REQUIREMENT:
There is one span to output from the data below: the lines starting at the line with "图片[10]-安卓+电脑【RPG露出/全动态/CV】女大学生深夜露出DX深夜露出 骑 joi模拟器玩-大壮社区" and ending at the line with "2018_July_8286_D700-Edit copy.jpg". Output it exactly, ends included, nothing more.

Short descriptive text snippets:
▼

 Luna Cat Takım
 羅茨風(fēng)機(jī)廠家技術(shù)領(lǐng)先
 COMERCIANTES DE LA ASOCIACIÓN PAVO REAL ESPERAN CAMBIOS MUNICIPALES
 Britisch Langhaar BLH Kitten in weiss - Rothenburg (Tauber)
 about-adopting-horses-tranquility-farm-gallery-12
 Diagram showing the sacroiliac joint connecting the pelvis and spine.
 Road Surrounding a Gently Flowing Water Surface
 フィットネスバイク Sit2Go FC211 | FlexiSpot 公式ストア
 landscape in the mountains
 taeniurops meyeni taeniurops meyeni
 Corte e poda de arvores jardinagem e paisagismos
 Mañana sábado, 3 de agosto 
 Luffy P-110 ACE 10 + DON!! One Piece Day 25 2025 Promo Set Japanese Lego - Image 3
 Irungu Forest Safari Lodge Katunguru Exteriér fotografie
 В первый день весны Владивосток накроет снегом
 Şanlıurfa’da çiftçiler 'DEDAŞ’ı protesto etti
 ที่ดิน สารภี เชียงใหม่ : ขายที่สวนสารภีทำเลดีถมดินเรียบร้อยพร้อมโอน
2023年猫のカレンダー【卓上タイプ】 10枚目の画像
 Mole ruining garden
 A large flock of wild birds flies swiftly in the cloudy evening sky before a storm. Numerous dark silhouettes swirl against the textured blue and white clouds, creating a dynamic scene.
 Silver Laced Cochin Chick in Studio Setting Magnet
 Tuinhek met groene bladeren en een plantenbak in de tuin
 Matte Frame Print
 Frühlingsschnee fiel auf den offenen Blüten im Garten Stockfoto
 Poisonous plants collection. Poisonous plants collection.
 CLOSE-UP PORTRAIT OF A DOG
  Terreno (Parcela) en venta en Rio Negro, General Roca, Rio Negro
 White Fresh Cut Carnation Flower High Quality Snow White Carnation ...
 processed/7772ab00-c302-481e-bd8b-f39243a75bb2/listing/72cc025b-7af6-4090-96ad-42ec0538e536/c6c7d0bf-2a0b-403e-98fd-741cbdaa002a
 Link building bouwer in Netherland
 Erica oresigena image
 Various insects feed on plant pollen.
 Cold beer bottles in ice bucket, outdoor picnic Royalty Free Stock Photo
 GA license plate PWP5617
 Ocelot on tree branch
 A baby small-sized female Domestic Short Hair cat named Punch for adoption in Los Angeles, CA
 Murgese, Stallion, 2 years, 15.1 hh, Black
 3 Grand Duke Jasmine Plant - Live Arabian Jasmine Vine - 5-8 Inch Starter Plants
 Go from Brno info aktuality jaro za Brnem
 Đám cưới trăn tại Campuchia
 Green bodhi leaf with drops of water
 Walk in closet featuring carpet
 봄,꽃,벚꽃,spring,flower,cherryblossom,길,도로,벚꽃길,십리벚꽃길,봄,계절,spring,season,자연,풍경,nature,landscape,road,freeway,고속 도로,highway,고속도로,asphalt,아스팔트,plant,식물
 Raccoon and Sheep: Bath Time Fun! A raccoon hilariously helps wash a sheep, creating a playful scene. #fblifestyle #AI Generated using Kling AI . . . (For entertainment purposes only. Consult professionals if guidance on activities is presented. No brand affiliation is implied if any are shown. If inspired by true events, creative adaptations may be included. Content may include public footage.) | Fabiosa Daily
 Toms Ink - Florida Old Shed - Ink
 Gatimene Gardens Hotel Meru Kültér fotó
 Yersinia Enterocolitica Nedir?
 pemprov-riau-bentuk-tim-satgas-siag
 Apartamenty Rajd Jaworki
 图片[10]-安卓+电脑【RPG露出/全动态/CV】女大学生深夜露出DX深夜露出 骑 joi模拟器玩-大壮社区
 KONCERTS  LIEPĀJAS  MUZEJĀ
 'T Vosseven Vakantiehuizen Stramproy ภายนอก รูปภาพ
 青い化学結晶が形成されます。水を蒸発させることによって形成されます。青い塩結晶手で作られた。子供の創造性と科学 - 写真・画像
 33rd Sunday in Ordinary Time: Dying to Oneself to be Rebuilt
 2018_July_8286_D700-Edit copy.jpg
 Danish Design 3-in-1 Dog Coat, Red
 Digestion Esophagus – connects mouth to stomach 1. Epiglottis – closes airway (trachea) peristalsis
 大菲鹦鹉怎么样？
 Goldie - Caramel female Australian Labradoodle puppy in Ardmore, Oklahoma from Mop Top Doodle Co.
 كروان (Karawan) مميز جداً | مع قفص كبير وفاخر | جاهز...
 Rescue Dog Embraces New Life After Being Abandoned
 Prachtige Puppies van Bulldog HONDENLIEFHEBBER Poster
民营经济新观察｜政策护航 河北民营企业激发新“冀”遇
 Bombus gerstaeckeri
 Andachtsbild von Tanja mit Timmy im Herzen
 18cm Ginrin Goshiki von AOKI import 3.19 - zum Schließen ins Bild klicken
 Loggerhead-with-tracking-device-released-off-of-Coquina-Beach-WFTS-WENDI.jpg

▲

RESPONSE BELOW:
 图片[10]-安卓+电脑【RPG露出/全动态/CV】女大学生深夜露出DX深夜露出 骑 joi模拟器玩-大壮社区
 KONCERTS  LIEPĀJAS  MUZEJĀ
 'T Vosseven Vakantiehuizen Stramproy ภายนอก รูปภาพ
 青い化学結晶が形成されます。水を蒸発させることによって形成されます。青い塩結晶手で作られた。子供の創造性と科学 - 写真・画像
 33rd Sunday in Ordinary Time: Dying to Oneself to be Rebuilt
 2018_July_8286_D700-Edit copy.jpg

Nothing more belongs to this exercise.